Output exactly the lines of the listing below that run from the line with "Fonte Alimentação Cooler" through the line with "Hotel Signature Vista Room Type - Deluxe Room Hotel". No pictures.

**Dataset excerpts:**

####################

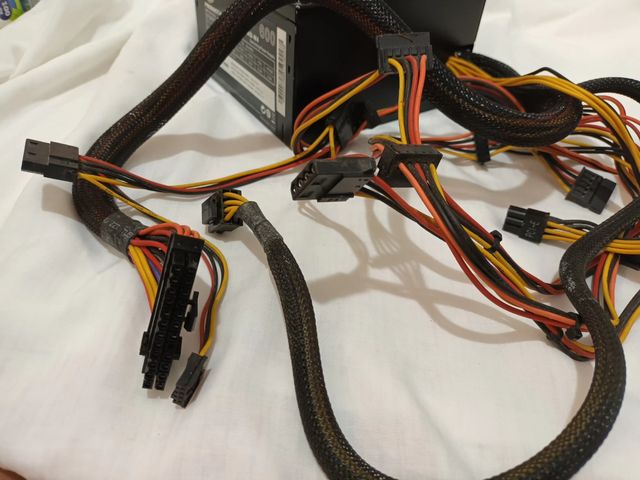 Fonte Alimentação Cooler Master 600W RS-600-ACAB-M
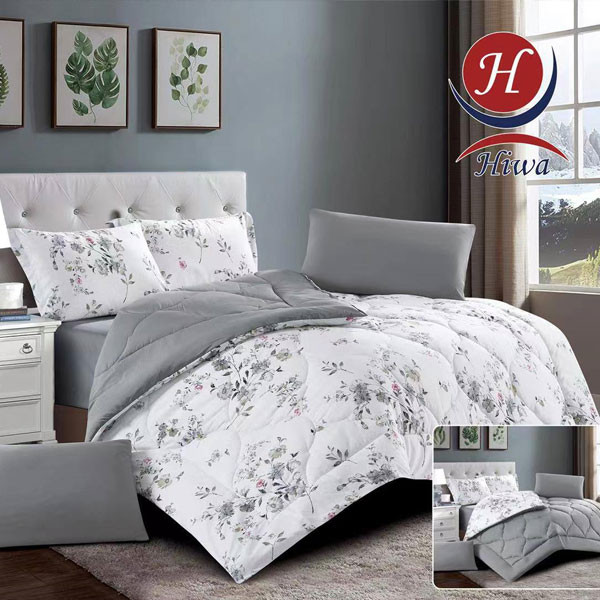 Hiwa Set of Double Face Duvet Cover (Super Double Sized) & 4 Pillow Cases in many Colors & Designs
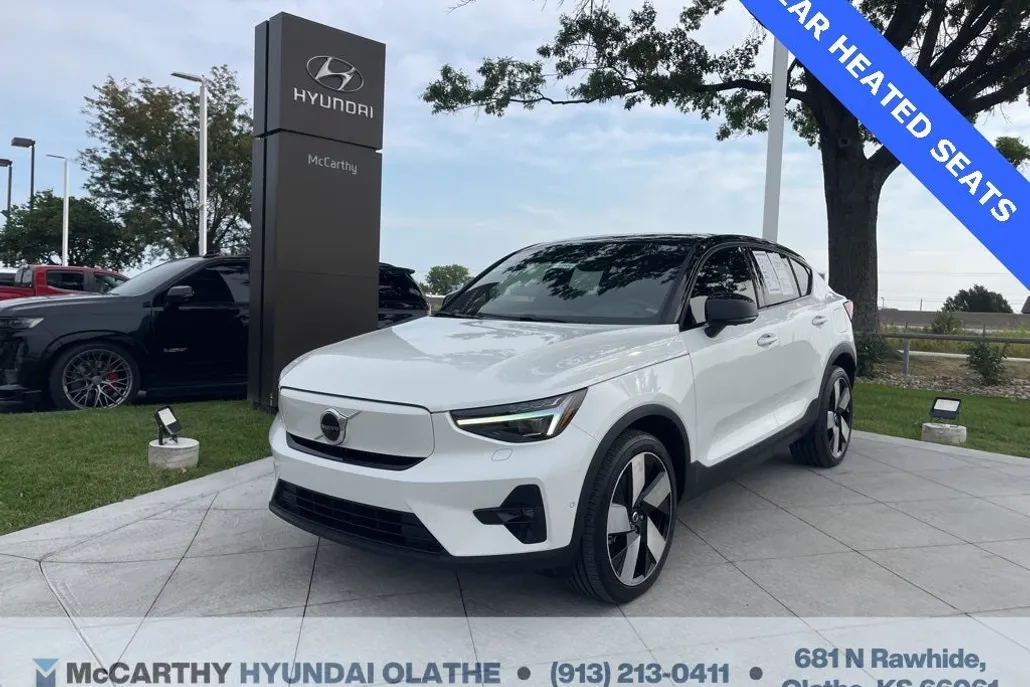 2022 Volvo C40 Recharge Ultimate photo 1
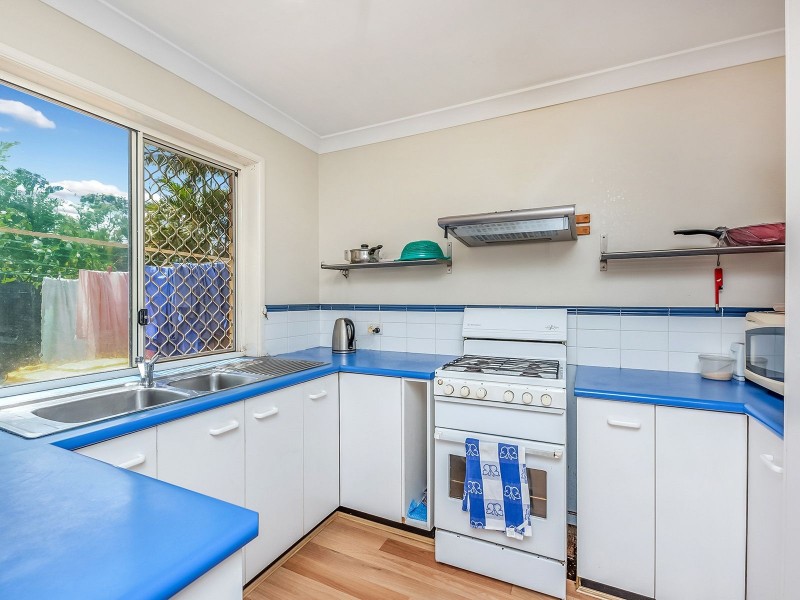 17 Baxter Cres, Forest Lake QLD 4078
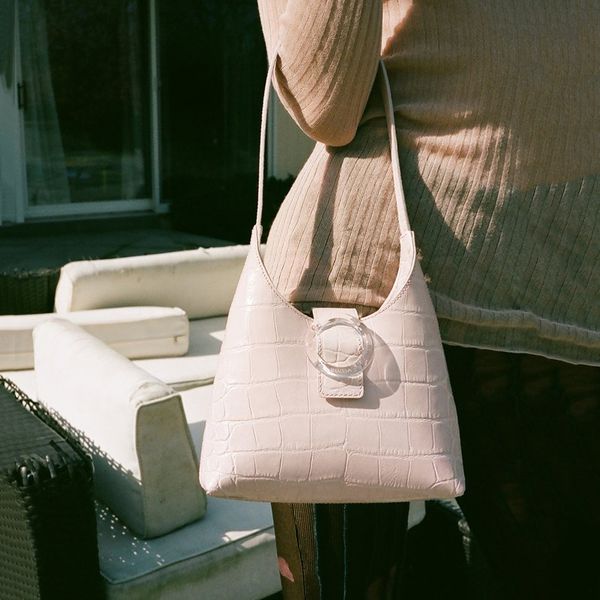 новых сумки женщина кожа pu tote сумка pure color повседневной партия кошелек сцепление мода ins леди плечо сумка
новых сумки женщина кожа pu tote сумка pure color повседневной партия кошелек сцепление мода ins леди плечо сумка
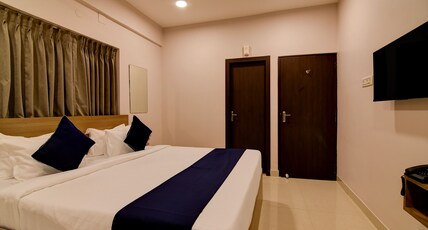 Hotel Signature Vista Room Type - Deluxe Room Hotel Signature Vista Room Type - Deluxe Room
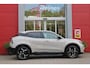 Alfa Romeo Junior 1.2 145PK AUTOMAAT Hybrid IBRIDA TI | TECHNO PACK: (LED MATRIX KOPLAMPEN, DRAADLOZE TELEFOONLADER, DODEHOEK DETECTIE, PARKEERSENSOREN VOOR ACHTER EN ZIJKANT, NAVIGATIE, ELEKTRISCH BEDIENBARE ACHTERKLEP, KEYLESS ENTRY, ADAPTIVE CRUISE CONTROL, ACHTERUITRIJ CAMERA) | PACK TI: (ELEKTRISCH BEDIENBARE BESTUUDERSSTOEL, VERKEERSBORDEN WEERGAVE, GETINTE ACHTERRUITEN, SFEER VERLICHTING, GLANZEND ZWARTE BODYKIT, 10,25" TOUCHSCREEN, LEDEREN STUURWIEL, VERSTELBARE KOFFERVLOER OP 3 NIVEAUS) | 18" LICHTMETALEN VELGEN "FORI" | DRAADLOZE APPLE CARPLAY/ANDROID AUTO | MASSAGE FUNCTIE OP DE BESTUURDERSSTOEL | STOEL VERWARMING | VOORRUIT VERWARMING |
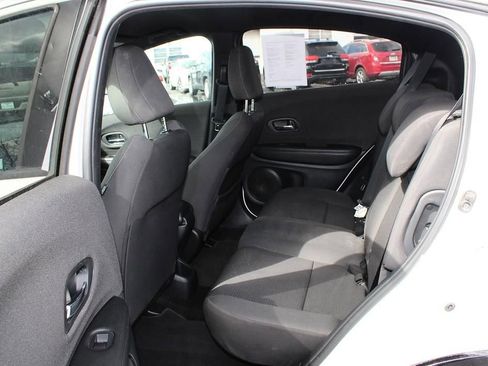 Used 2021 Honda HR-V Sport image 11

####################

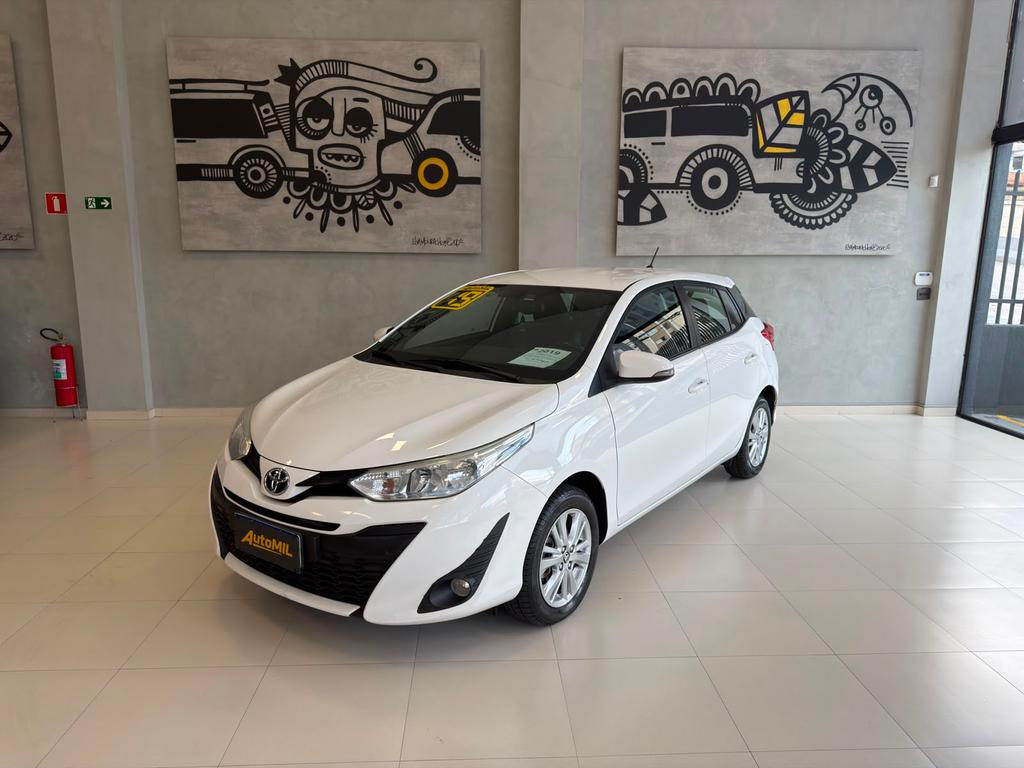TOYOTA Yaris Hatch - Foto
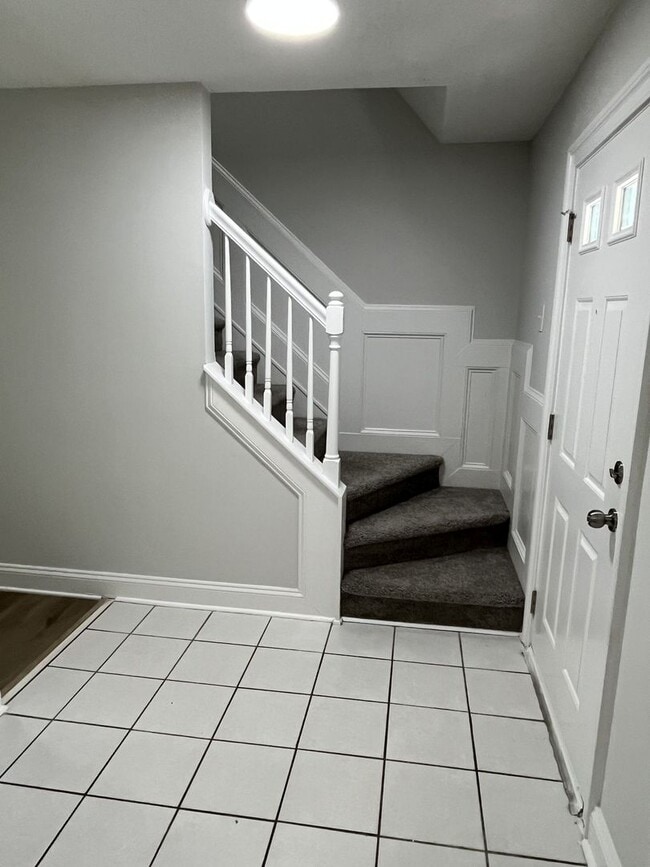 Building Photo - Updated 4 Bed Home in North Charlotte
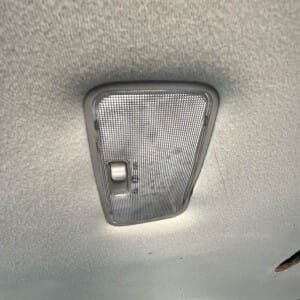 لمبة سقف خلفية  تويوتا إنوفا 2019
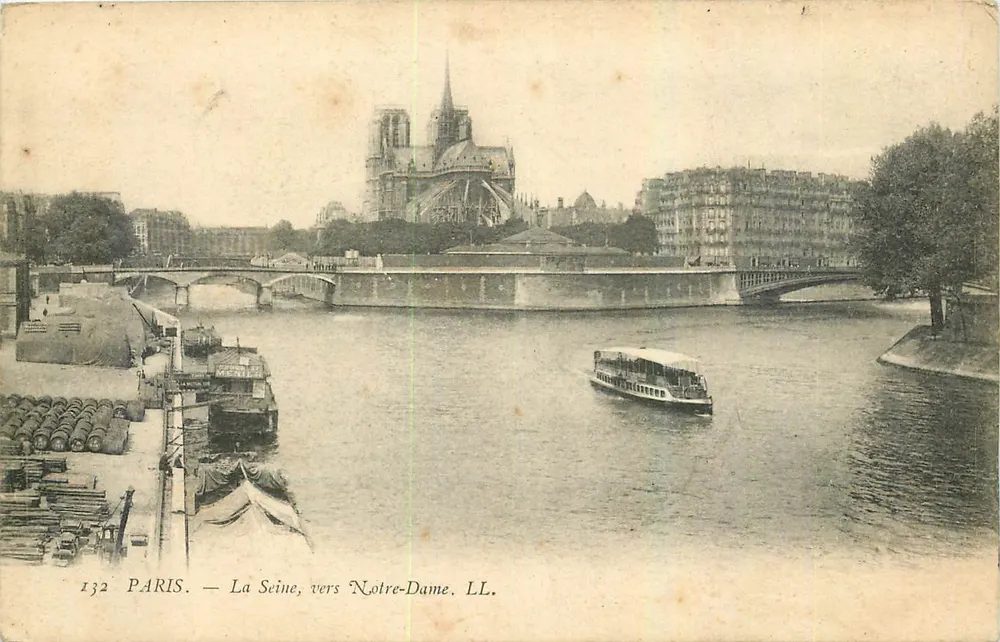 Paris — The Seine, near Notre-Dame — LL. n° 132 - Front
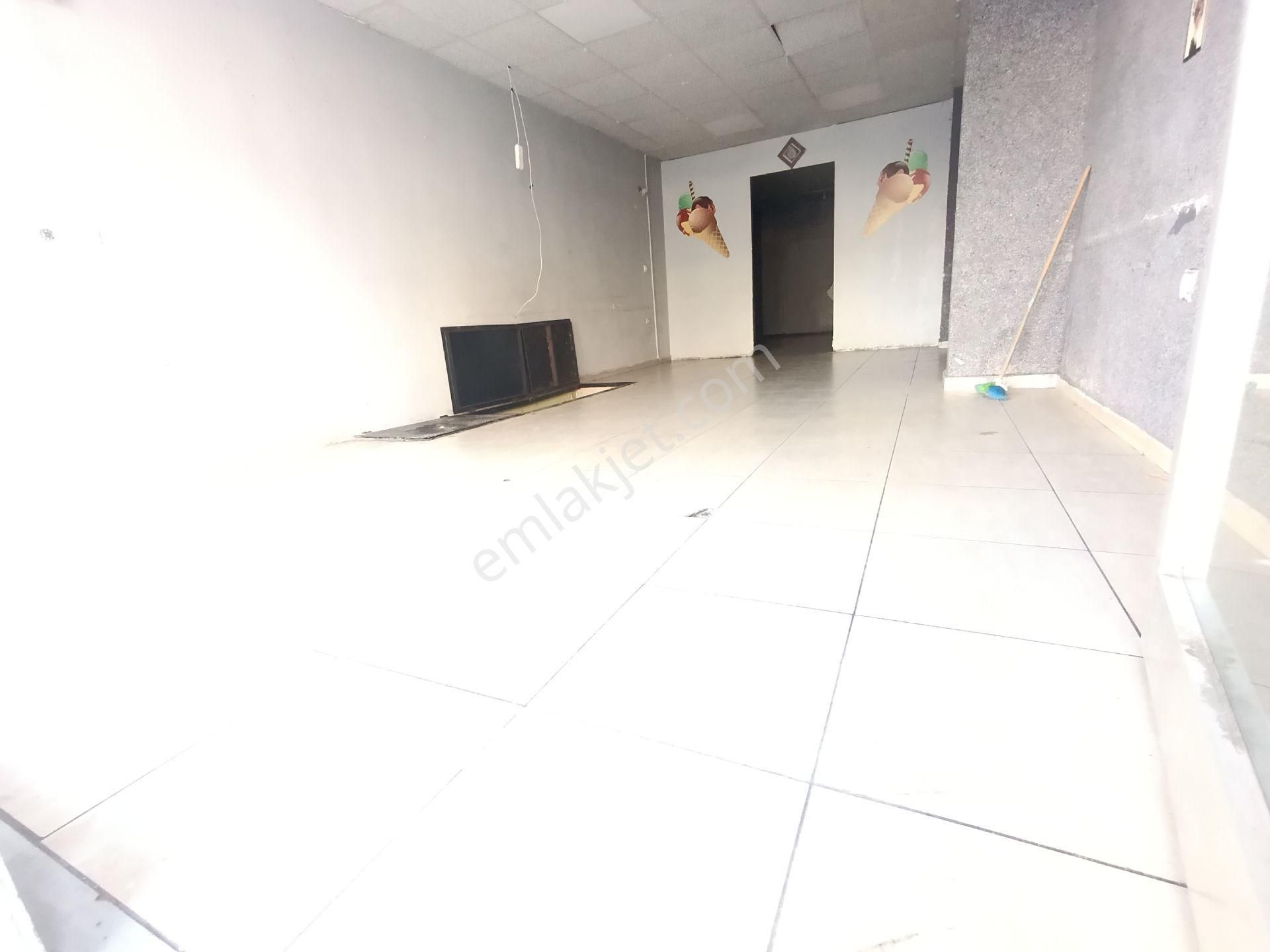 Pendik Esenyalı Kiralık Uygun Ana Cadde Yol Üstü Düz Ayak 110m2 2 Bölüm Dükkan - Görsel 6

####################

**Exercise answer:**
 Fonte Alimentação Cooler Master 600W RS-600-ACAB-M
 Hiwa Set of Double Face Duvet Cover (Super Double Sized) & 4 Pillow Cases in many Colors & Designs
 2022 Volvo C40 Recharge Ultimate photo 1
 17 Baxter Cres, Forest Lake QLD 4078
 новых сумки женщина кожа pu tote сумка pure color повседневной партия кошелек сцепление мода ins леди плечо сумка
новых сумки женщина кожа pu tote сумка pure color повседневной партия кошелек сцепление мода ins леди плечо сумка
 Hotel Signature Vista Room Type - Deluxe Room Hotel Signature Vista Room Type - Deluxe Room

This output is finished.